The Ladies of Grace Adieu and other stories
Susanna Clarke
(7 out of ten)
Category: Fantasy
Hardcover: 256 pages
First Edition: October 16, 2006
Susanna Clarke’s fantastical debut, the Bible-thick tome, Jonathan Strange & Mr. Norrell, received lavish praise and dazzled critics and readers alike of fantasy and literary fiction. It won the Hugo and World Fantasy Awards for Best Novel; was longlisted for England’s prestigious literary prize, the Man Booker Award; was nominated for the Whitbread First Novel Award; and was named best novel by Time magazine for 2004.
The book, which took 10 long years to write, showed a historical England in the 1800s filled with magic and mayhem. What set it apart from other fantastical narratives is its blend of history and magic. It’s in the way she recreated England, painstakingly detailed with historical footnotes and stories, as if that England actually existed. Her characters were all fleshed out with their own histories, caprices and aspirations. It’s as if she were retelling a part of history forgotten and buried by the mundane world.
She revisits that England again with her follow-up, The Ladies of Grace Adieu and other stories, a collection of short stories both published and unpublished mostly written at the time when she was writing her debut novel.
Here we see ladies doing magic (The Ladies of Grace Adieu) at the time when women were thought of as inferior to men performing magic. A strong-willed woman battling for her love (Mrs. Mabb). A disgraced and ambitious queen scheming for the demise of her rival (Antickes and Frets). Fairies with arrogant temperaments interacting with peasants, disposing favors with unforeseen consequences (Mr. Simonelli or the Fairy Widower and Tom Brightwind or How the Fairy Bridge Was Built). A duke interfering with a lady embroidering his fate, snipping, unstitching, and re-weaving it to dire results (The Duke of Wellington Misplaces His Horse). A retelling of Rumpelstiltskin (On Lickerish Hill). The greatest magician who ever lived outwitted by his social inferior (John Uskglass and the Cumbrian Charcoal Burner).
Susanna Clarke writes them in an old English dialect (”shew” for “show”, “blacke” for “black”, “shadie” for “shady”, etc.) giving them the authenticity of the place and time of the stories. They can be insightful, witty and humorous, and yet they never really soar to the heights and grandeur achieved by her debut novel, limited, perhaps, by the length of a short story.
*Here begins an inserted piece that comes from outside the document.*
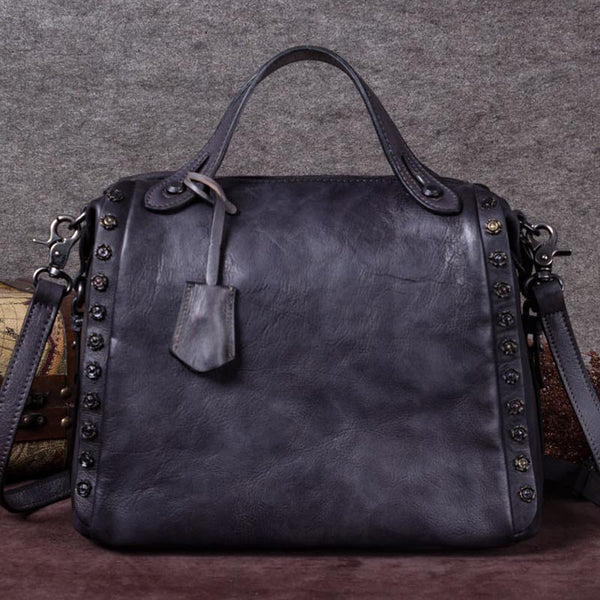 Handmade Genuine Leather Vintage Handbag Crossbody Shoulder Bags Purses Women Grey big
One can argue that this collection does not really qualify as a follow-up since it’s been written in the same period as her first. It can thus be considered as an appendix to her masterful first novel, and on that accord it gives the England she created a fuller description by telling the stories of those who lived at the time when England was at war and wizards and fairies were in equal parts revered and feared.